3. Eine Mietlösung SaaS (Software-as-a-Service), d.h. ein fremd-gehostetes System.

Die erste Variante ist immens Zeit- und Kostenintensiv und empfiehlt sich somit für die meisten Shop-Betreiber im KMU Bereich nicht. Bei der zweiten und dritten Variante, greifen Sie auf bestehende und je nach Anbieter mehr oder weniger etablierte Shopsysteme zurück – und damit auch auf entsprechende Expertise in Wartung und Betrieb. Neben den gängigen fertigen Shopsystemen wie Oxid, Magento & Co gibt es verschiedene Anbieter, die Shopsysteme als Dienstleistung direkt von ihrem Server zur Verfügung stellen.
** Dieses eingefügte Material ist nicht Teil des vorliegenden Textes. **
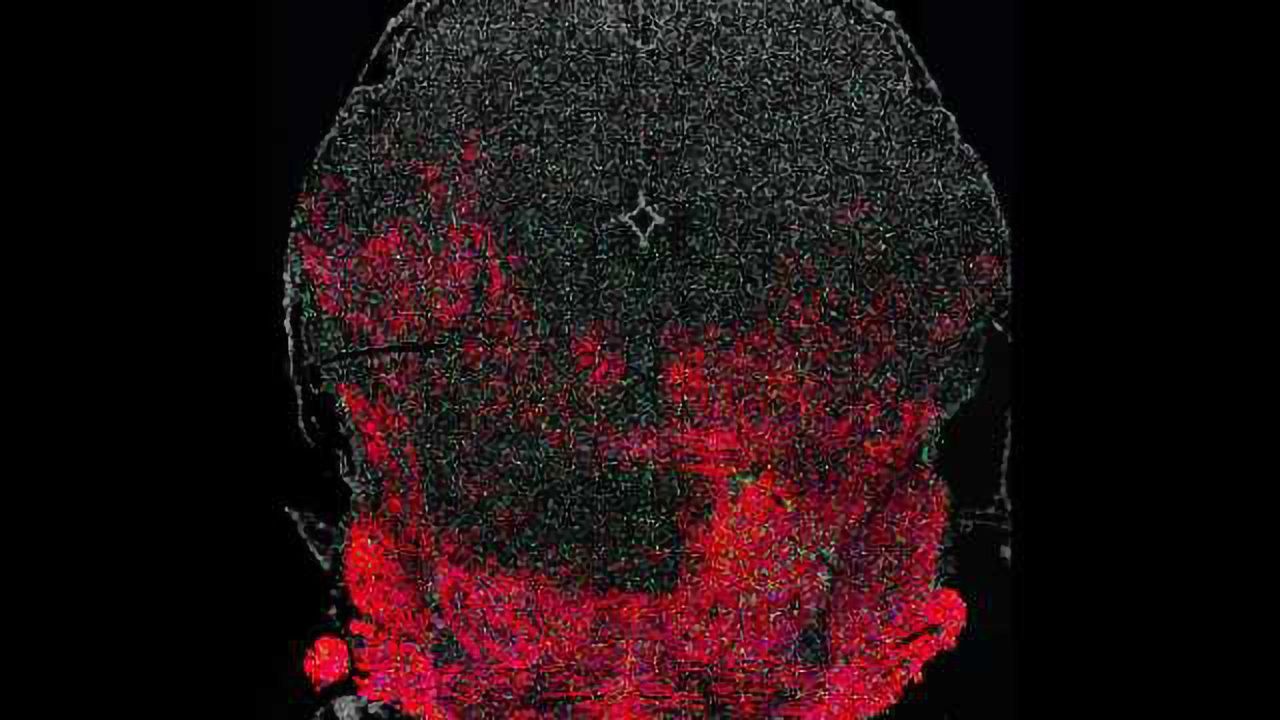 Myelin-maker: How an FDA-approved drug boosts myelin synthesis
Plentymarkets, zum Beispiel, ist ein etabliertes Shopsystem, das über eine vollwertige Warenwirtschaft und ein umfangreiches Auftrags-management (Inkl. z.B. Retourabwicklungen, Versandlogistik oder Etikettendruckmöglichkeiten) verfügt. Ja, mein Kind?! arbeitet als offizieller Partner seit vielen Jahren mit Plentymarkets zusammen. Generell ist dies auch ein Vorteil der SaaS Lösungen gegenüber fertig einsetzbarer Shopsysteme, die man auf dem eigenen Server installiert. Auch die Entwicklungs- und Anpassungskosten sind vergleichsweise geringer. Dafür muss man teilweise Defizite in der Individualisierung in Kauf nehmen, da einige Abläufe festgelegt und somit nicht veränderbar sind.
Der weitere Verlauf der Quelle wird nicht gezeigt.